Task:
Lines from the one with "Wessex Critical Care" through the end of the records, and no others, are what the answer should contain, copied exactly; please keep pictures out.

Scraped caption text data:
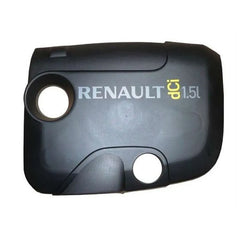 Kangoo Motor Üst Koruma Kapağı 2010-2015 Srk 8200383342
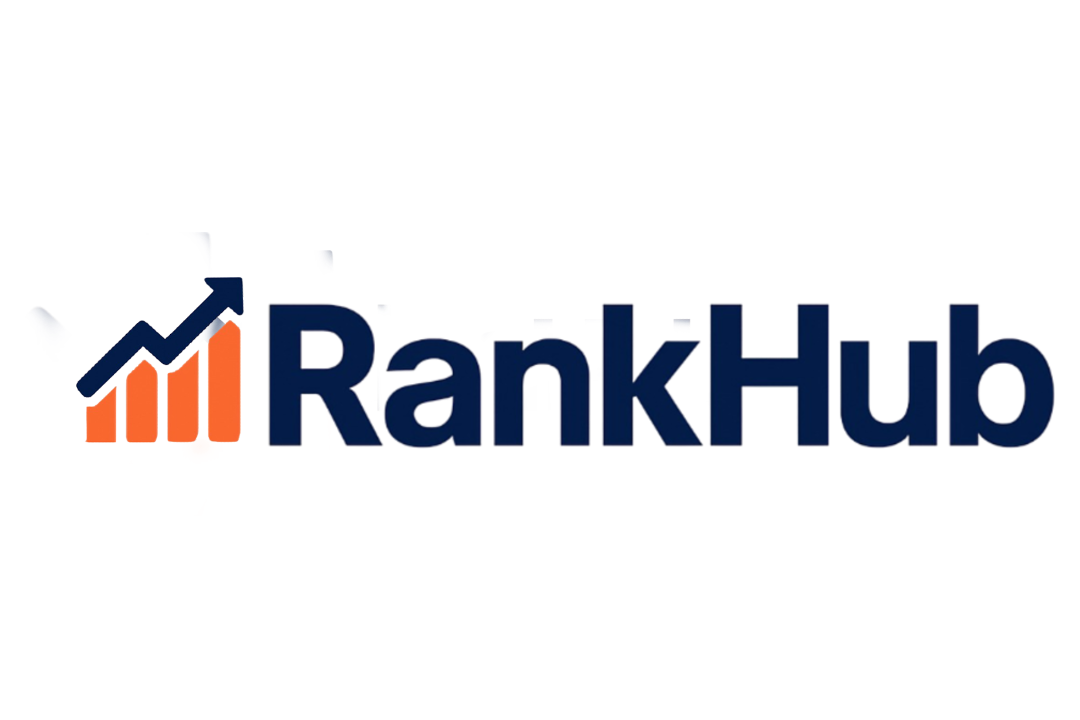 Rankhub.co.uk: The Blog That Brings You Trending Articles from All Fields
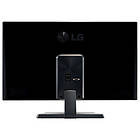 LG IPS277L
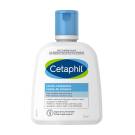 CETAPHIL LOCION LIMPIADORA 237 ML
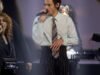 Harry Styles hits back after fans brand his tour stage set-up ‘worst of all time’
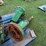 john-deere-4020-image-3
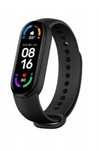 Zegarek męski SMART WATCH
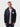 Wessex Critical Care Programme Sustainable Unisex Hooded Puffer Jacket
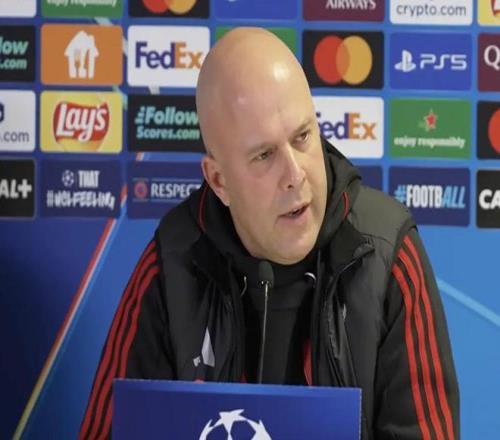 王艺迪重庆,击败早田希,晋级半决赛,半岛体育,半岛体育入口,半岛体育官网,半岛体育官方入口,半岛体育官方网址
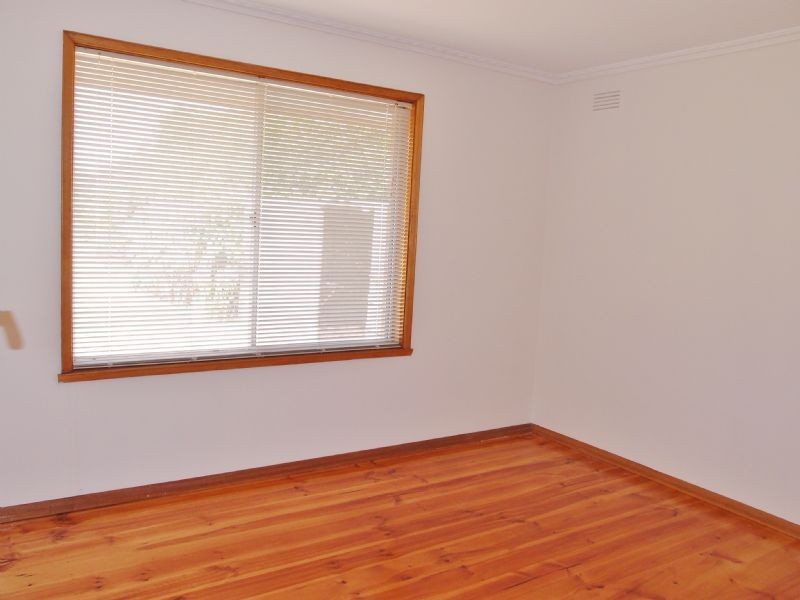 73 Tower Road, Portarlington VIC 3223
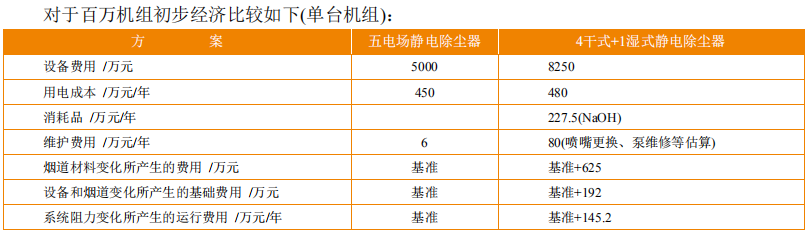 1586756861564125.png 圖片1.png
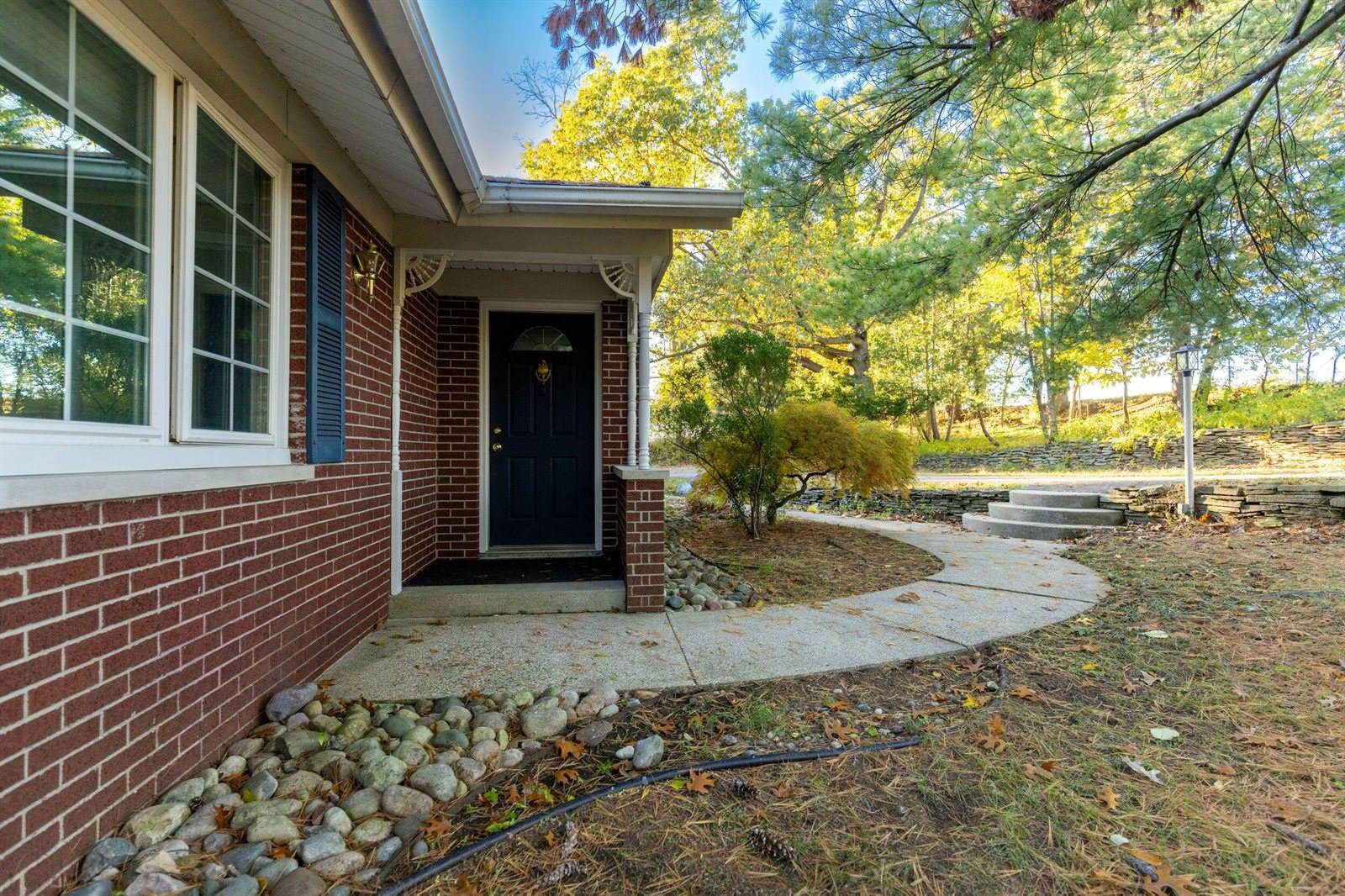 921 West Kilgore Road, Portage, MI 49024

Solution to this task:
 Wessex Critical Care Programme Sustainable Unisex Hooded Puffer Jacket
 王艺迪重庆,击败早田希,晋级半决赛,半岛体育,半岛体育入口,半岛体育官网,半岛体育官方入口,半岛体育官方网址
 73 Tower Road, Portarlington VIC 3223
 1586756861564125.png 圖片1.png
 921 West Kilgore Road, Portage, MI 49024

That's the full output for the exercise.